My Rejected Mad Men Script | The Source Weekly - Bend, Oregon

My Rejected Mad Men Script

GUYS! I must confess I’m purrrrr-ty disappointed in the creators of Mad Men right now.

GUYS! I must confess I'm purrrrr-ty disappointed in the creators of Mad Men right now. Not that I dislike the show... in fact, the boner alert in my pants reached orange (the most boner-ific color) after learning the season premiere of Mad Men debuts this week (AMC, Sun July 25, 10 pm). In fact, my boner is so inflated, I have to wear cargo shorts for the morbidly obese just so I can go outside! (Unfortunately, that still doesn't stop my boner from accidentally smashing shop windows whenever I happen to turn around.)

So why am I so disappointed in Mad Men creator Matthew Weiner? Because for reasons too mind-boggling to comprehend, Weiner has REJECTED my script for a season four episode! I KNOW, RIGHT?

I mean, I understand that he's justifiably jealous and terrified of my talent - but can't he put his own fragile ego aside for the sake of his audience? WHATEVER. Lucky for the world, I have a TV column where I can reprint a small taste of my brilliant script, so you'll get an idea of the sheer magnificence you'll never be able to fully experience.

Now, this scene needs some setup. As you know, Mad Men tells the story of an advertising firm set in the early-to-mid 1960s. Don Draper (like me) is the most talented, handsome man in the world, holds many secrets, and taps more tail than a jockey's riding crop. He's getting a divorce from his wife, and starting a brand-new firm with some of his former workmates including former secretary Joan, who has a body that would make the Pope kick a hole in a stained glass window. (If the Pope liked girls, that is.) SCENE!

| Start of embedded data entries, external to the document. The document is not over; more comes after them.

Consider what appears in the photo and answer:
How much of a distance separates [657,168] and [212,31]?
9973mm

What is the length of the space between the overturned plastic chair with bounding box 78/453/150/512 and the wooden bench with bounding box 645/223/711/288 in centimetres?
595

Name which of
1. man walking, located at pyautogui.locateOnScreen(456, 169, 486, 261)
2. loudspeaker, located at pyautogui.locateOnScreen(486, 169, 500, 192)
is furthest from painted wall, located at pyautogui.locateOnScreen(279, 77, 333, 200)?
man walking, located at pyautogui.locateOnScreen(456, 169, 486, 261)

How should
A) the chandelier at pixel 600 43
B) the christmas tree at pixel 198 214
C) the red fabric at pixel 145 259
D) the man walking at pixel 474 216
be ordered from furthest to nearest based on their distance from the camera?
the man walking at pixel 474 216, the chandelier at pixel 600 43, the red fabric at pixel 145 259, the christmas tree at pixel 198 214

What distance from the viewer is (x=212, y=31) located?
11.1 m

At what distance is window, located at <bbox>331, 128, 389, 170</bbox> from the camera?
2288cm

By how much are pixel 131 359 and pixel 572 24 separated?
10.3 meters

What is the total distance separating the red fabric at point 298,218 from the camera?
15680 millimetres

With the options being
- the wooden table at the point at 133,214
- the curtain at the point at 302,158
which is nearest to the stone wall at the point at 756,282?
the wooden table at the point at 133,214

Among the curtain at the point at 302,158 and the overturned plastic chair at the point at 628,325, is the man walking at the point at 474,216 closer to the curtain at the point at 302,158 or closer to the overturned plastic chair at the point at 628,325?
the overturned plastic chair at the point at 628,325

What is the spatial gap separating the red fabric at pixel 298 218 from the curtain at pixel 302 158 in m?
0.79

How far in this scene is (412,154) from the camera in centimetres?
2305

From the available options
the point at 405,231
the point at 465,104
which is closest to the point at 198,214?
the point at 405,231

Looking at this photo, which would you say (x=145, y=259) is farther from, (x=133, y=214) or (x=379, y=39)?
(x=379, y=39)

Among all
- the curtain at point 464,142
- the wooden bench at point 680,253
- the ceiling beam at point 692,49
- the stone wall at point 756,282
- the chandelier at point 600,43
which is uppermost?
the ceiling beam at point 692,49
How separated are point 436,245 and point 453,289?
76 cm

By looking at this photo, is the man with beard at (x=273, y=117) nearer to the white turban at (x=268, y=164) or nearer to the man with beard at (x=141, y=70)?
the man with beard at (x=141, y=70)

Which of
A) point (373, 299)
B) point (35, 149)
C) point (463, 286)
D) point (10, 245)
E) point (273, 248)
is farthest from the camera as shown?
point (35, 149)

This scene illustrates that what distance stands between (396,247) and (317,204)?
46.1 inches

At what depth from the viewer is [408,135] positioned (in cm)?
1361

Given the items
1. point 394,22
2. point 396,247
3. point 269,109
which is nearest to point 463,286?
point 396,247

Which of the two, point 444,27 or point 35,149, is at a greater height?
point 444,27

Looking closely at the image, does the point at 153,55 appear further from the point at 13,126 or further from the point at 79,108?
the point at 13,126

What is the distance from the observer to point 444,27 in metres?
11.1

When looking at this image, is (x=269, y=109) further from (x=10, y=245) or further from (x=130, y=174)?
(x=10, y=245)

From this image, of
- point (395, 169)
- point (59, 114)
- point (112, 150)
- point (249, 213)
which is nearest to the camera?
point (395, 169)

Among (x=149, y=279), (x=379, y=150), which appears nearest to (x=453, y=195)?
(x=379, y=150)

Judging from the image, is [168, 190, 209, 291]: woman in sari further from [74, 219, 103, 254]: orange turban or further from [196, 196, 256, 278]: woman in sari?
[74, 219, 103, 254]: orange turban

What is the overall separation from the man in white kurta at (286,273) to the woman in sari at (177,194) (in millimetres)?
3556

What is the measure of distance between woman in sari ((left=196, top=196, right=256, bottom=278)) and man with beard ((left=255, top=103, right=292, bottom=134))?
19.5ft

[Daytime. Interior: a mid-'60s Manhattan office building. Don Draper enters, reading a newspaper.]

Don: [Reading aloud.] "Beatles to Play Shea Stadium"? BULL-PLOP! I predict these Beatles will eventually be known as the most overrated musical group of all time!

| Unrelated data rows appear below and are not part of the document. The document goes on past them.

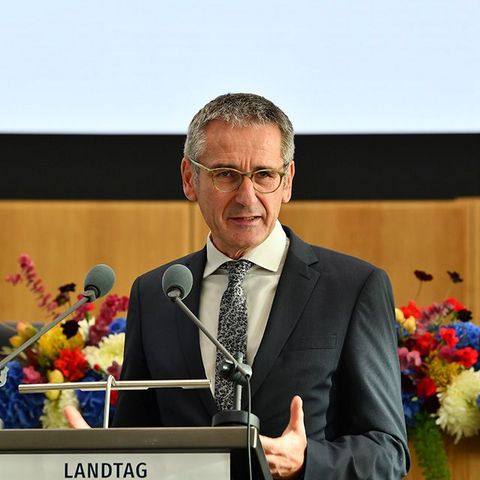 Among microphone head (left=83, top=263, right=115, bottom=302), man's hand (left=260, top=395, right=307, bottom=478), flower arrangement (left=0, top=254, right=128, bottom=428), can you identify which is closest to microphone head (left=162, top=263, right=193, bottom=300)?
microphone head (left=83, top=263, right=115, bottom=302)

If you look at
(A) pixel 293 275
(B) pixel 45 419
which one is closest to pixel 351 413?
(A) pixel 293 275

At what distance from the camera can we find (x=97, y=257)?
17.5 feet

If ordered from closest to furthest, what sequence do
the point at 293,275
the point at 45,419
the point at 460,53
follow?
the point at 293,275 < the point at 45,419 < the point at 460,53

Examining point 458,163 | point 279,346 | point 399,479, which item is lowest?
point 399,479

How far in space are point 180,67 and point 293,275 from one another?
9.00 ft

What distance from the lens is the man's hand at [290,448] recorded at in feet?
7.07

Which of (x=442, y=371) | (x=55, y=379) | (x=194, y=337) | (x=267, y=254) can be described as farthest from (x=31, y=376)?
(x=442, y=371)

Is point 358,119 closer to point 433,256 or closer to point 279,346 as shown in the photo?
point 433,256

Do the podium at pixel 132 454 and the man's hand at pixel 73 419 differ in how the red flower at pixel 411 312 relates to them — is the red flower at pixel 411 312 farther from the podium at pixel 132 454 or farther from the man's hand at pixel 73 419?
the podium at pixel 132 454

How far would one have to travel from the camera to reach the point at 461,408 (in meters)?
2.98

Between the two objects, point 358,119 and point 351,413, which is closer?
point 351,413

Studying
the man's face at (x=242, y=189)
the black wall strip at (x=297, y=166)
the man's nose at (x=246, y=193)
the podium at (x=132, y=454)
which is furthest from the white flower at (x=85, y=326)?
the black wall strip at (x=297, y=166)

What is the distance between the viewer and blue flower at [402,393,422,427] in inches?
119

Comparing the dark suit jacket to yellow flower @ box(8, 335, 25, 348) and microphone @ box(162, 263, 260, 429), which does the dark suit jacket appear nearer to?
microphone @ box(162, 263, 260, 429) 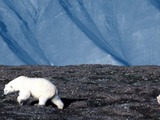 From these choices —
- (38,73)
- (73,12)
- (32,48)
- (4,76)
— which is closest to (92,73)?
(38,73)

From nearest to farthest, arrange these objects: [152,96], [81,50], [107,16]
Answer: [152,96], [81,50], [107,16]

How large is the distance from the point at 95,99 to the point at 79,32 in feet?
320

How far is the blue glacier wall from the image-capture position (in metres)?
124

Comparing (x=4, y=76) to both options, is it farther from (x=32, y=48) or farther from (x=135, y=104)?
(x=32, y=48)

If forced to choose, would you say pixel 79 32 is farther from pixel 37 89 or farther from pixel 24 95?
pixel 37 89

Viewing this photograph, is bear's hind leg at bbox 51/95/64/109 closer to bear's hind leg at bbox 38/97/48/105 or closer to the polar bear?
the polar bear

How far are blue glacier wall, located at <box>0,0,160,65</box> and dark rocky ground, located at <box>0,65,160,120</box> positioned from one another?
75344mm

[A knock on the door; it is totally hot secretary Joan.]

Joan: May I come in?

Don: You may come in... my pants! HA! I am truly rakish and handsome. LET'S MAKE LOVE.

Joan: I can't resist your charms. Yes, let's bone.

[Suddenly, a twinkly beam of light appears from the ceiling. It is Captain Kirk from Star Trek.]

Captain Kirk: Not if I bone you first, Joan!

Don: WHAT?? This is bull-plop. You can't be here, you're on Star Trek.

Captain Kirk: It's called a "crossover," dick lip. Ever heard of it?

Don: But... but... your show doesn't even debut until 1966!

Captain Kirk: It's called "time travel," shit bird. Ever heard of it?

Don: Whatever! I'm Don Mother-effing Draper! I get to bone Joan first!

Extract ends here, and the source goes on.